*Records excerpted from a collection*:
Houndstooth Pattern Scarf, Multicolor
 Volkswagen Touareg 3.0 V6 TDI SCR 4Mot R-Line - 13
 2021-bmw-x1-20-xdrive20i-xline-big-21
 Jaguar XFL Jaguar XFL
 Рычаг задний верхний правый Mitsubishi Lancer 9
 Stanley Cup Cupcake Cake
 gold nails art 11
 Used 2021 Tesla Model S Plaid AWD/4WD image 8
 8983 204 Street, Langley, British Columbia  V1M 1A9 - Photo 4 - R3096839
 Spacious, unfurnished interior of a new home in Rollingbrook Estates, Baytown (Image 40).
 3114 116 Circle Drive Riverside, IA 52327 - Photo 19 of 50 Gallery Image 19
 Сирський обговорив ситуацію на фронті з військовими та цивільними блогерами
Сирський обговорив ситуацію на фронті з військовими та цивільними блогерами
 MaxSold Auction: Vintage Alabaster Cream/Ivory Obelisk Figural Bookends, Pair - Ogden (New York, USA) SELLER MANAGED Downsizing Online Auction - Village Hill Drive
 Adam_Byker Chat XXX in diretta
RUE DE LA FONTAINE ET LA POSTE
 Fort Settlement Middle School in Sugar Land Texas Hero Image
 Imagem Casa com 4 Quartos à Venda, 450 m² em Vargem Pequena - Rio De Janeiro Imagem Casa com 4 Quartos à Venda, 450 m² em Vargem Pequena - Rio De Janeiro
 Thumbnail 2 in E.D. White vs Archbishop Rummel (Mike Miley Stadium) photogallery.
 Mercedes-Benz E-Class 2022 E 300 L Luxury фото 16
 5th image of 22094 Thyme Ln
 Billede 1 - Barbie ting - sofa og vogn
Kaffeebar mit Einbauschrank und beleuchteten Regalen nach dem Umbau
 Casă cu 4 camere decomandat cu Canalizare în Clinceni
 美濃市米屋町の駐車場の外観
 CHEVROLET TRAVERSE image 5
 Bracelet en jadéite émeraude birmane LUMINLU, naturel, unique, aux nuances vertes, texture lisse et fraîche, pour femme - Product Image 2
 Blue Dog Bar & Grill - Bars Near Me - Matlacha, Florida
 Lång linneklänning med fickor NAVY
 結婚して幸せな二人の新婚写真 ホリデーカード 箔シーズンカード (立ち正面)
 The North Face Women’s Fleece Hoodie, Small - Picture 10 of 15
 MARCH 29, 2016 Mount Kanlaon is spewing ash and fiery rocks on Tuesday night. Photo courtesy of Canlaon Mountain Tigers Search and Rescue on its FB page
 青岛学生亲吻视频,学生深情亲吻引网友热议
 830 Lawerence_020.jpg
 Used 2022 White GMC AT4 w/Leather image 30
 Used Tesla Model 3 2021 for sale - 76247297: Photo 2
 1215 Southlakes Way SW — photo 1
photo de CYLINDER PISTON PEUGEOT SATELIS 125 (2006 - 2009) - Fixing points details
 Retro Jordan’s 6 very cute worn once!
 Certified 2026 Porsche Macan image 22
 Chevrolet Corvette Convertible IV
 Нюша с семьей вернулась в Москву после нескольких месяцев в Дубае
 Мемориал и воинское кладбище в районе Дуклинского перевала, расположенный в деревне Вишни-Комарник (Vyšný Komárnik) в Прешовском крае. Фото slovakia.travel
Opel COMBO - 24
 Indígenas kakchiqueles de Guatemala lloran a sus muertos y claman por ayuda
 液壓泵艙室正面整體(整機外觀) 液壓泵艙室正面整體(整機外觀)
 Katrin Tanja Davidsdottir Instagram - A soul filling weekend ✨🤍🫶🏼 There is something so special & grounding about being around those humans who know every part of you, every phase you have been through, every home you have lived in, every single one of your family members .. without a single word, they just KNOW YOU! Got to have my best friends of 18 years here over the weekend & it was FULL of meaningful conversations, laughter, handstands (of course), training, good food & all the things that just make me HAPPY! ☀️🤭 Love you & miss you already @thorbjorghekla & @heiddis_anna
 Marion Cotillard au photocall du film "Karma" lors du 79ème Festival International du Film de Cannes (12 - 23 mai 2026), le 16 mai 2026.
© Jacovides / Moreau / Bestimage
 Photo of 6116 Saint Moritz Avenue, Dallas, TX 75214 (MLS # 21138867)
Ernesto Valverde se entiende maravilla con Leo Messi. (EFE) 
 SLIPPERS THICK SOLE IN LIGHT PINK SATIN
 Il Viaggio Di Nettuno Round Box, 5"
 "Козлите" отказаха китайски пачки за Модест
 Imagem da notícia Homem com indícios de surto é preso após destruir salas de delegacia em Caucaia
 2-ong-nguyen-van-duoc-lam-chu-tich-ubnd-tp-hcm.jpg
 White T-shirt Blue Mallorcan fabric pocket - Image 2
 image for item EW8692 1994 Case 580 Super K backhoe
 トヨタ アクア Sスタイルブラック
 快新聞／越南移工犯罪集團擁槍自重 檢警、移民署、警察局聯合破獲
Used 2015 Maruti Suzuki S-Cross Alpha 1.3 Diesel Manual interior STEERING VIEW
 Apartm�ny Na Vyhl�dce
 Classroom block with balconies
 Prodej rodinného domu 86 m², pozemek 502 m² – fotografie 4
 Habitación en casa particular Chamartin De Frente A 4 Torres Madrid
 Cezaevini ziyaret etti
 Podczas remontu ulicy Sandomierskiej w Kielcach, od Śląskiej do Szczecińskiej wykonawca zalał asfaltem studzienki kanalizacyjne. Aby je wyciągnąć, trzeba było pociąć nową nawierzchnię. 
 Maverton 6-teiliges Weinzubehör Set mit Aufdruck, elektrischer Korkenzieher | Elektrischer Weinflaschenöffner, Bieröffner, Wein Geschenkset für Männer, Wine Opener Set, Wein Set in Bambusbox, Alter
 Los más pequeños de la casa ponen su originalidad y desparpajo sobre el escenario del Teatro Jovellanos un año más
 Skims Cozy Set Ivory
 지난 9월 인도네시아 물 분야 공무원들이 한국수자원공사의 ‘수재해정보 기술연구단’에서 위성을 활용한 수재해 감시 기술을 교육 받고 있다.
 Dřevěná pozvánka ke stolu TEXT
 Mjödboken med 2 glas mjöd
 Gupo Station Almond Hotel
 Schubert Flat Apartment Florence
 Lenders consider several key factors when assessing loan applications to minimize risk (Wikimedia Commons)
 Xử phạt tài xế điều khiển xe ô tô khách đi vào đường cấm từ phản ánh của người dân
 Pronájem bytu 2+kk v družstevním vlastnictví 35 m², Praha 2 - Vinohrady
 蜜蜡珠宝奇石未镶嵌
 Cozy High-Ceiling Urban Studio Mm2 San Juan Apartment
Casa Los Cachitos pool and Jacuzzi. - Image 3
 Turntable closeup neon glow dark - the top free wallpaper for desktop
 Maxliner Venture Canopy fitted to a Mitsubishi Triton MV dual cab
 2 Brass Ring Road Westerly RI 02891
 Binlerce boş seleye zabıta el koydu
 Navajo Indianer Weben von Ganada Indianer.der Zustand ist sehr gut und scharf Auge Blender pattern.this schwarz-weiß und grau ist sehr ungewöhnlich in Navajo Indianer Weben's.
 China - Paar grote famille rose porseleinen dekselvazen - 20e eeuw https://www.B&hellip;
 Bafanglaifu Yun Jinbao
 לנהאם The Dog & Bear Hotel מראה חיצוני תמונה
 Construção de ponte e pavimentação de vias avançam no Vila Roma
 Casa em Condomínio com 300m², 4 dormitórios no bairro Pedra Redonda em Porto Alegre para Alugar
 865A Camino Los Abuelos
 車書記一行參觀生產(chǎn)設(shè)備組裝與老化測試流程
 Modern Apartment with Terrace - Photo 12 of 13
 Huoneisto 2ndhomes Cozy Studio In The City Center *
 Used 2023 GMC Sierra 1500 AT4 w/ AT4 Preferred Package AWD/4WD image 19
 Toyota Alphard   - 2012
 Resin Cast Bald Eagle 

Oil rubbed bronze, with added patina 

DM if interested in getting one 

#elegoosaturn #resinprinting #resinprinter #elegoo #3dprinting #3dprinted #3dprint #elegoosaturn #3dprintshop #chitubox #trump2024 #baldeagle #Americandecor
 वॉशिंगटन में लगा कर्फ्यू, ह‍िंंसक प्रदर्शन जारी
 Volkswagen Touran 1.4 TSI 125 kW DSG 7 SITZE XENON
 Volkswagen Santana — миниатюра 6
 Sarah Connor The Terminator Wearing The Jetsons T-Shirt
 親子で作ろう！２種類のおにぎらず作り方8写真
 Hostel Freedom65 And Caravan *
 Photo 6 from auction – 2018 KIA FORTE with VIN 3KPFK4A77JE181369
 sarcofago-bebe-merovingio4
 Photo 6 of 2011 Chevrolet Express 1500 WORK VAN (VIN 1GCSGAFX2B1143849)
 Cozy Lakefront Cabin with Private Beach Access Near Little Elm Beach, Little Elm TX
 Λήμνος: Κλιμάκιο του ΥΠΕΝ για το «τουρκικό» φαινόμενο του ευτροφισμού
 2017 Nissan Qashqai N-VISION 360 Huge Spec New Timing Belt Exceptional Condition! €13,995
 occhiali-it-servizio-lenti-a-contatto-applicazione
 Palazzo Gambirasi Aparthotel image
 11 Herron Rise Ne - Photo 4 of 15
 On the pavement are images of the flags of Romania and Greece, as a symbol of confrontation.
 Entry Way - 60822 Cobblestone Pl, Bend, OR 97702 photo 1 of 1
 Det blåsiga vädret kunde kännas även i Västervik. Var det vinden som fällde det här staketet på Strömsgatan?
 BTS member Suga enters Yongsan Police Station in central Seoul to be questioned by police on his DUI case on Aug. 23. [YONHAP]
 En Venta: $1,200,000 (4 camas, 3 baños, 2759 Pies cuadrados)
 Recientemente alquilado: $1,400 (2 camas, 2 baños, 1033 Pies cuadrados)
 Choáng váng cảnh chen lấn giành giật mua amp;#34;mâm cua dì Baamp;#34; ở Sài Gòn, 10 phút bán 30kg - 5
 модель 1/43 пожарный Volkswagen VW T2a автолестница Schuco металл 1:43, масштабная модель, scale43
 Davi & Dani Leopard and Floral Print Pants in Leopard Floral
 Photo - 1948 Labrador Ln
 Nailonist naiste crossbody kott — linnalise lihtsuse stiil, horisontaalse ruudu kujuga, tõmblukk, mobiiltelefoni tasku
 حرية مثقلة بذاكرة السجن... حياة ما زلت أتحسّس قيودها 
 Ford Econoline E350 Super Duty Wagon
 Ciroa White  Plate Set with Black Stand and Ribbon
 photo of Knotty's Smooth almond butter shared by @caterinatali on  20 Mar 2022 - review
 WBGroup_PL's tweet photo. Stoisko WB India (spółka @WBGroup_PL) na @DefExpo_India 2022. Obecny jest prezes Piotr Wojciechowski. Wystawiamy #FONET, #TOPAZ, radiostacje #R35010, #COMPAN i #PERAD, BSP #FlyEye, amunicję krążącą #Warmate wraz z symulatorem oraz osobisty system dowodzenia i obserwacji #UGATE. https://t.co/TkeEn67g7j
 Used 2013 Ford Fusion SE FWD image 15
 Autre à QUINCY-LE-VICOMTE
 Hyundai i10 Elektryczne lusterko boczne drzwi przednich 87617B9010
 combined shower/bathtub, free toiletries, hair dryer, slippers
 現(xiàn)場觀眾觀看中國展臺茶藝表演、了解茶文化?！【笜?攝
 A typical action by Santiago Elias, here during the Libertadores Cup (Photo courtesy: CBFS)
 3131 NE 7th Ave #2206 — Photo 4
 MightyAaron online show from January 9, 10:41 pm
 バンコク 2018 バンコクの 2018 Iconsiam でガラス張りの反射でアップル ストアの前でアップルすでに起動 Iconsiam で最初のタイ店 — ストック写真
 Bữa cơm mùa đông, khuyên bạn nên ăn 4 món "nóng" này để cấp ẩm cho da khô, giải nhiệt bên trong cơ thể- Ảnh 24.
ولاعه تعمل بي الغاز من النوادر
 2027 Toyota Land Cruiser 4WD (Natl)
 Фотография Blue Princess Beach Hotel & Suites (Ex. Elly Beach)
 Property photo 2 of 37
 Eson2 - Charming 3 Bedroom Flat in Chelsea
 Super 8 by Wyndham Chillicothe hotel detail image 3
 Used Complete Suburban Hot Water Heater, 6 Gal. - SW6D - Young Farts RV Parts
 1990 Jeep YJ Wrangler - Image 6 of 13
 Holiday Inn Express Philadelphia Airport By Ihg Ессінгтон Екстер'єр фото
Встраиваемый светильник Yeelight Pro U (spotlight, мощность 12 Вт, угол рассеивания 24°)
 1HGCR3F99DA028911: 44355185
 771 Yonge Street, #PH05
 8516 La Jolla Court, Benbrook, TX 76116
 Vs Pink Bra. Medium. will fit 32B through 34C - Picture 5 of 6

*Task directions*: In the entries above, one line contains "Jaguar XFL Jaguar XFL" and another contains "Fort Settlement Middle". Reproduce exactly those two lines and the lines between them, nothing else.

*Written response*:
 Jaguar XFL Jaguar XFL
 Рычаг задний верхний правый Mitsubishi Lancer 9
 Stanley Cup Cupcake Cake
 gold nails art 11
 Used 2021 Tesla Model S Plaid AWD/4WD image 8
 8983 204 Street, Langley, British Columbia  V1M 1A9 - Photo 4 - R3096839
 Spacious, unfurnished interior of a new home in Rollingbrook Estates, Baytown (Image 40).
 3114 116 Circle Drive Riverside, IA 52327 - Photo 19 of 50 Gallery Image 19
 Сирський обговорив ситуацію на фронті з військовими та цивільними блогерами
Сирський обговорив ситуацію на фронті з військовими та цивільними блогерами
 MaxSold Auction: Vintage Alabaster Cream/Ivory Obelisk Figural Bookends, Pair - Ogden (New York, USA) SELLER MANAGED Downsizing Online Auction - Village Hill Drive
 Adam_Byker Chat XXX in diretta
RUE DE LA FONTAINE ET LA POSTE
 Fort Settlement Middle School in Sugar Land Texas Hero Image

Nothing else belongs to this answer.